Example TraceQL queries (Grafana Tempo):
# Requests with less than 50% cache hit rate
{ name = "request" && span.hit_rate < 0.5 }
# Full cache hits only
{ name = "request" && span.hit_rate = 1.0 }
# Complete misses (lookup ran but nothing was cached)
{ name = "request" && span.requested_tokens > 0 && span.hit_tokens = 0 }
For the full event-to-span mapping and the registry pattern that links
child spans back to the root see
docs/design/observability/request-event-span.md in the source tree.
Trace Recording#
Note
Trace recording is distinct from --enable-tracing (OTel
spans). Trace recording captures every StorageManager public-API
call to a binary file so the same workload can be replayed later
for testing, regression hunting, and benchmarking — without needing
vLLM and (eventually) without a GPU. --enable-tracing exports
live OTel spans to an OTLP endpoint for online observability.

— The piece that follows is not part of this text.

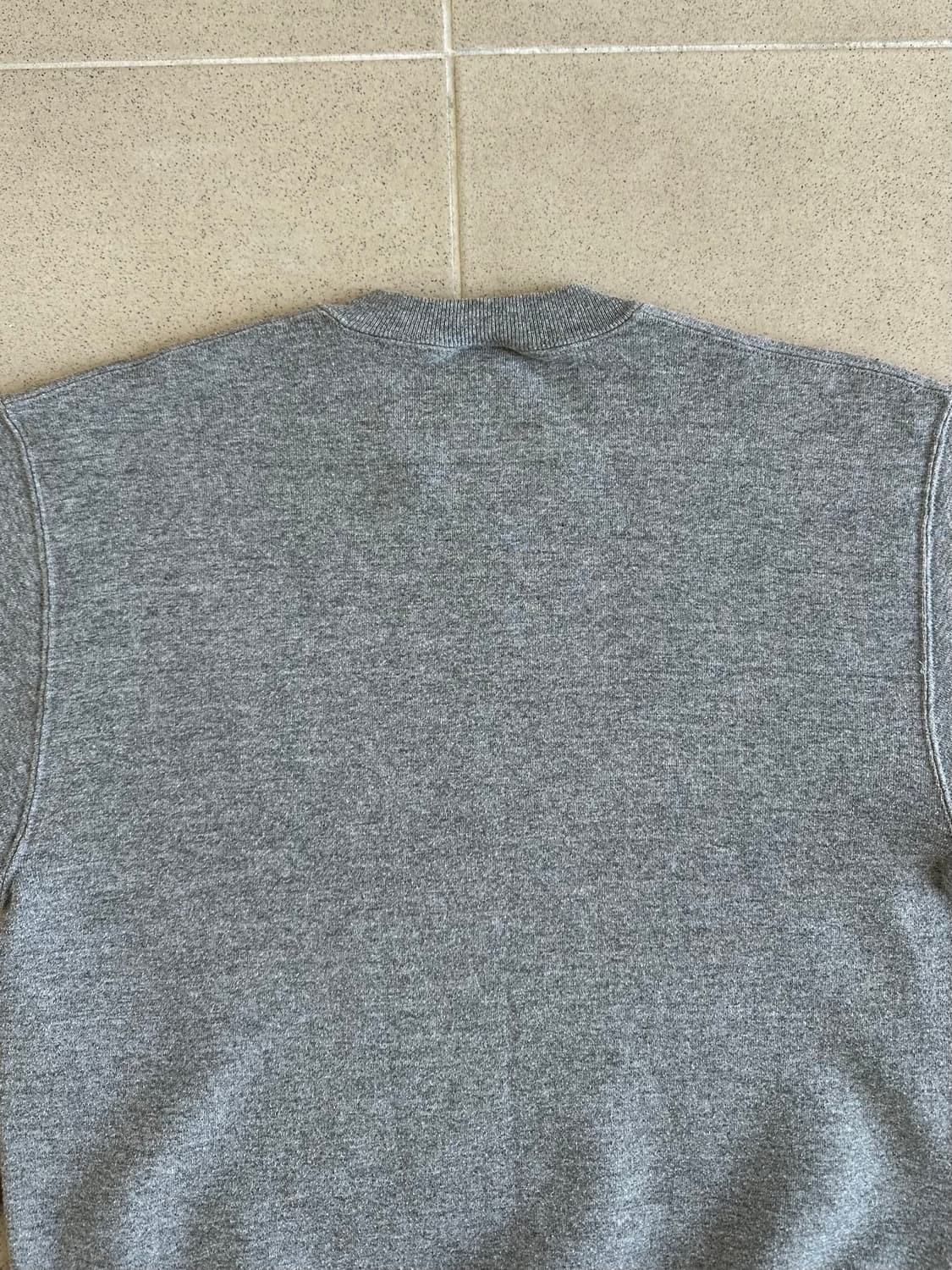 90s 빈티지 러셀 스웻셔츠 그레이 M USA 상품이미지5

The two features are independent and can be used together.
When --trace-level storage is set, LMCache records every call to
StorageManager.{reserve_write, finish_write, submit_prefetch_task,
read_prefetched_results, finish_read_prefetched} to a binary file
for later replay.
Recording is off by default and adds near-zero overhead when off
(a single boolean check per StorageManager call). When on,
recording happens on the EventBus drain thread, off the request path.
Capturing a trace#
With an explicit output path:
lmcache server \
--l1-size-gb 100 --eviction-policy LRU \
--trace-level storage --trace-output /tmp/run.lct
With an implicit timestamped output path under $TMPDIR:
lmcache server \
--l1-size-gb 100 --eviction-policy LRU \
--trace-level storage
# → INFO log: "trace recording enabled (level=storage); no
# --trace-output given, writing to
# /tmp/lmcache-trace-<pid>-<UTC>.lct"
The trace file is closed cleanly on shutdown (SIGTERM is handled by the EventBus stop path).
Replay#
Replaying a recorded trace, plus the full set of CLI flags for driving, monitoring, and exporting replay results, is covered in its own page: Tracing and Debugging.

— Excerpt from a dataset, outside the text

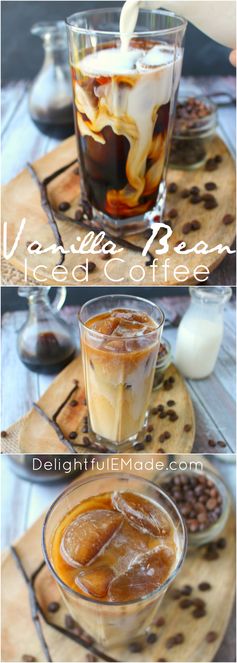 Vanilla Bean Iced Coffee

What is captured (and what is not)#
Captured:
The fully-qualified name of every decorated
StorageManagercall.Each call’s input arguments (e.g.
keys,layout_desc,mode,extra_count,external_request_id).Wall-clock and monotonic timestamps of each call.
A header carrying a trace schema version, start times, and a SHA-256 digest of the active
StorageManagerConfigso replay can detect mismatched configurations.
Not captured:
KV tensor bytes. Replay exercises bookkeeping and controller logic; payloads at replay time are zeros.
Calls inside the
MPCacheEngine, the message queue, or any GPU-copy code. These layers are out of scope for the storage trace level.
File format#
A length-prefixed msgpack stream:
[4-byte big-endian length][msgpack Header]
[4-byte big-endian length][msgpack Record]
[4-byte big-endian length][msgpack Record]
...
The Header carries a magic prefix (LMCT), a format version,
the trace level (storage today), a trace schema version, start
timestamps, and the StorageManagerConfig digest. Each Record
carries a relative timestamp, a wall-clock timestamp, the
fully-qualified call site (qualname), and an argument dict.
The format is deliberately extensible: future trace levels
(mq, gpu) will share this layout and use the level header
field to discriminate. Additional captured ops add new qualname
strings without bumping the format version.
For the full design rationale see
docs/design/v1/mp_observability/trace.md in the source tree.